Data section:
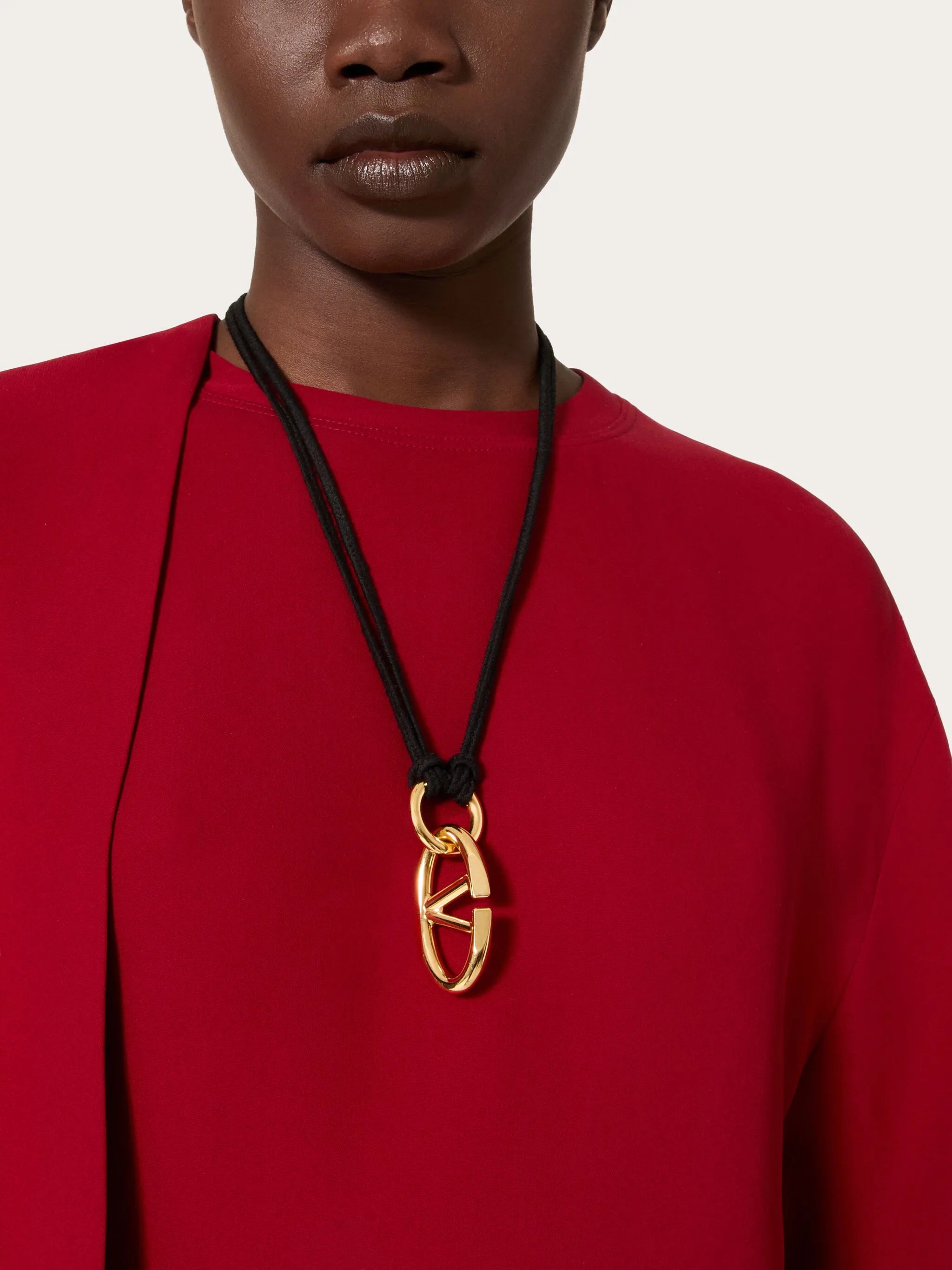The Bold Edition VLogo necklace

* * *

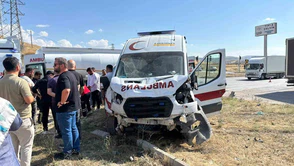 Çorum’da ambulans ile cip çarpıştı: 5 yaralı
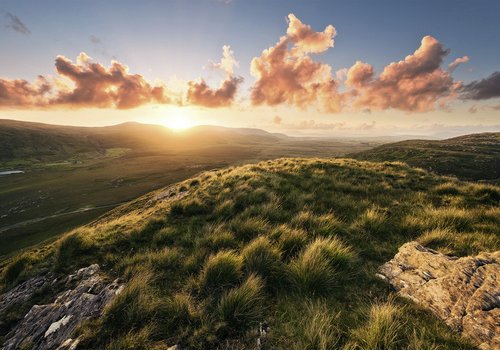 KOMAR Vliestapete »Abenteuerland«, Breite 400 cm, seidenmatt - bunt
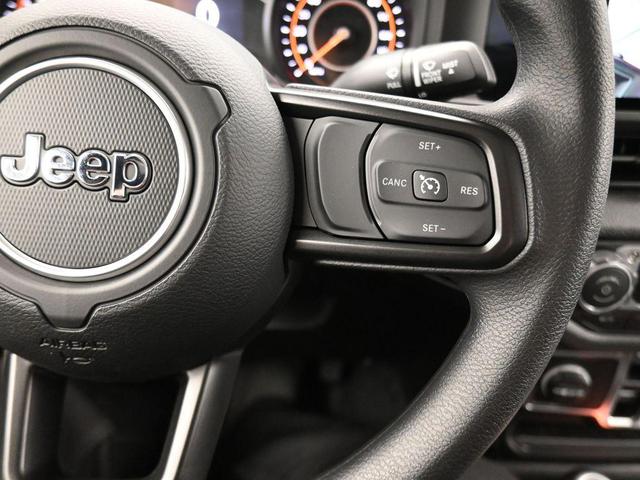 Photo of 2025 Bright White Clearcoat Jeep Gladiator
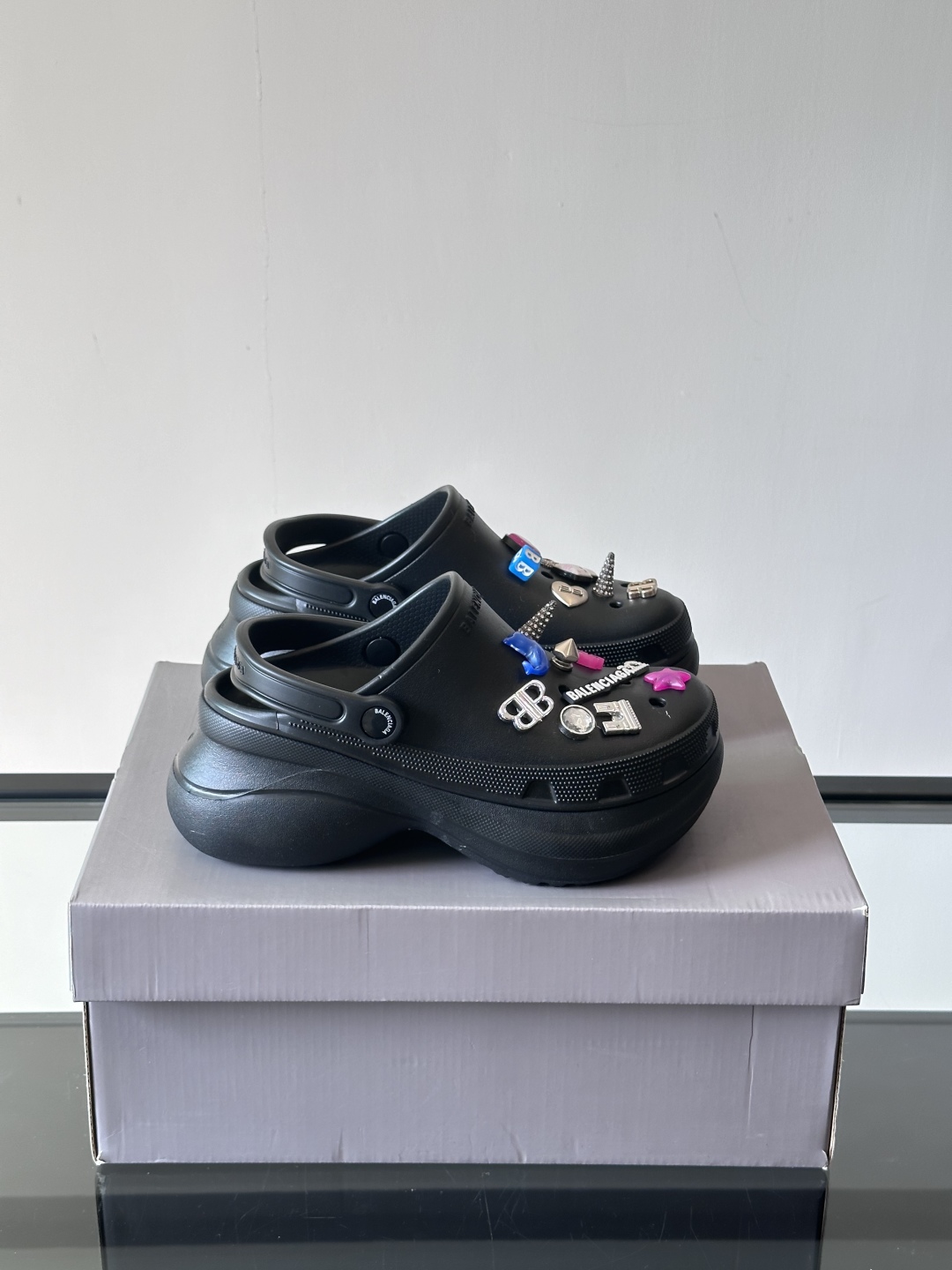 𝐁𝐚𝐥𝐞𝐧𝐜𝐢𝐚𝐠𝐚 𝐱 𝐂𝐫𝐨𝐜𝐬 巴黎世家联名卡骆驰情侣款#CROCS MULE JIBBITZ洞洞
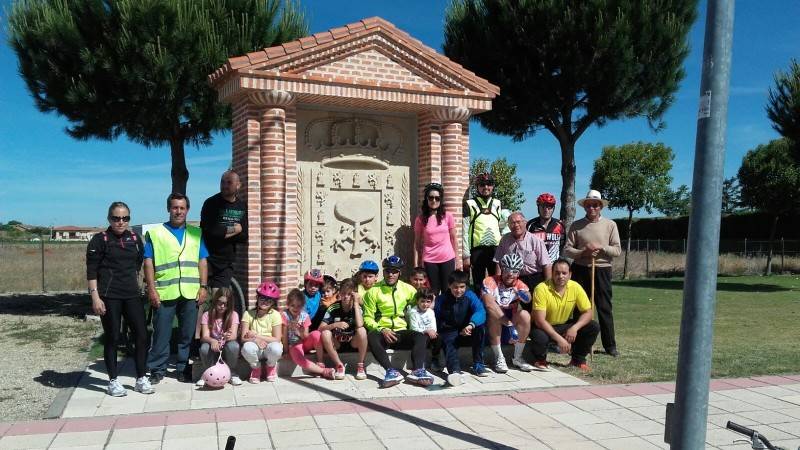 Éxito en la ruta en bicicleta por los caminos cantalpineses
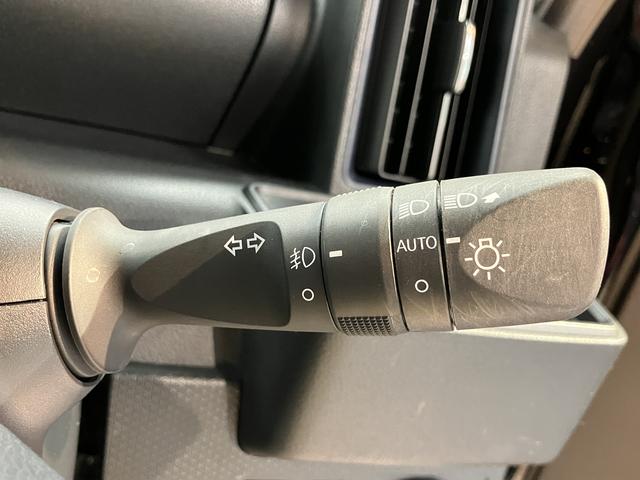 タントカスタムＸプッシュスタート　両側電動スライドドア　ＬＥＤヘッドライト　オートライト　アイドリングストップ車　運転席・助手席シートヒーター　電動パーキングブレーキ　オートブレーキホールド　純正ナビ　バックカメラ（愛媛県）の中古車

---

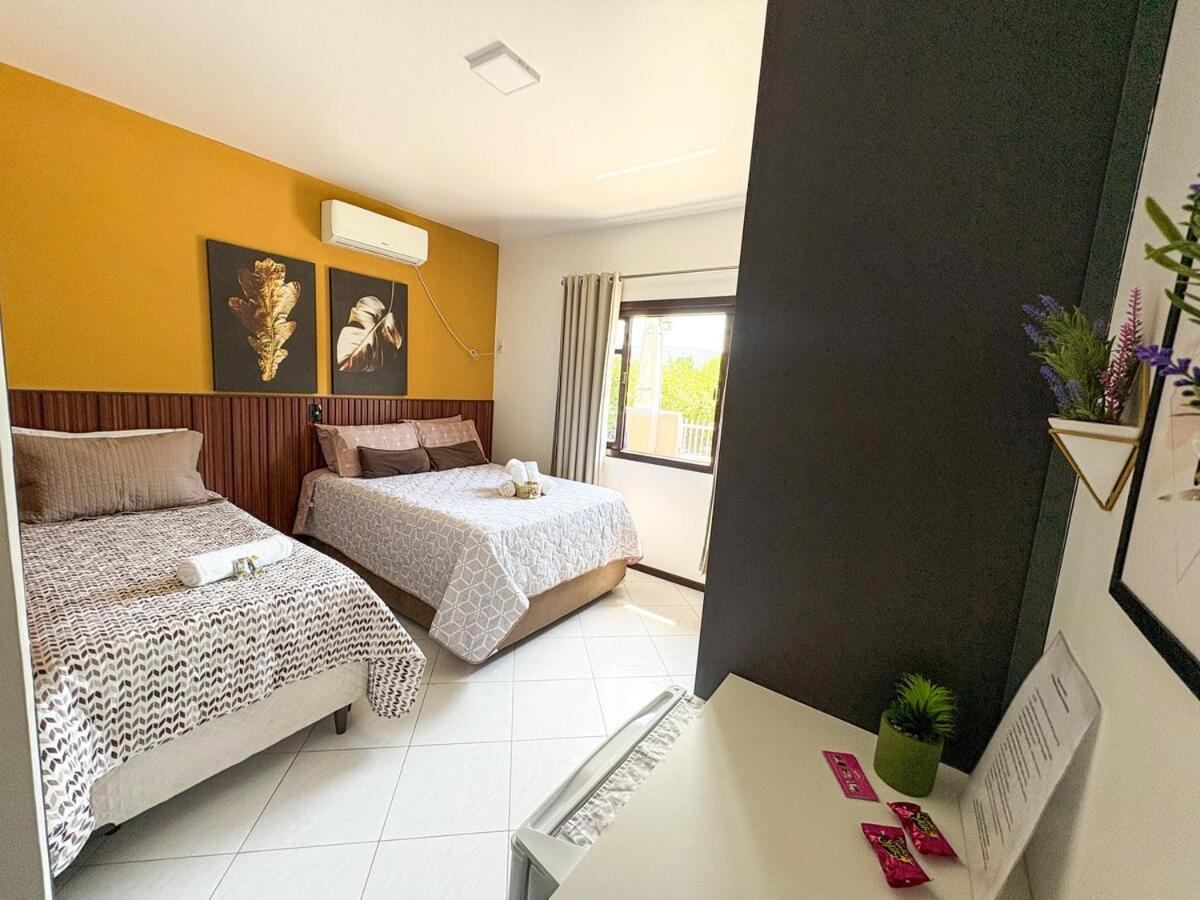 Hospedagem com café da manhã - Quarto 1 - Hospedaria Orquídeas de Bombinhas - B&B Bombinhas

Problem: Please copy the lines above exactly, starting at the line that holds "Çorum’da ambulans ile cip çarpıştı: 5 yaralı" and ending at the line that holds "タントカスタムＸプッシュスタ"; include both, but no pictures.

Solved problem:
 Çorum’da ambulans ile cip çarpıştı: 5 yaralı
 KOMAR Vliestapete »Abenteuerland«, Breite 400 cm, seidenmatt - bunt
 Photo of 2025 Bright White Clearcoat Jeep Gladiator
 𝐁𝐚𝐥𝐞𝐧𝐜𝐢𝐚𝐠𝐚 𝐱 𝐂𝐫𝐨𝐜𝐬 巴黎世家联名卡骆驰情侣款#CROCS MULE JIBBITZ洞洞
 Éxito en la ruta en bicicleta por los caminos cantalpineses
 タントカスタムＸプッシュスタート　両側電動スライドドア　ＬＥＤヘッドライト　オートライト　アイドリングストップ車　運転席・助手席シートヒーター　電動パーキングブレーキ　オートブレーキホールド　純正ナビ　バックカメラ（愛媛県）の中古車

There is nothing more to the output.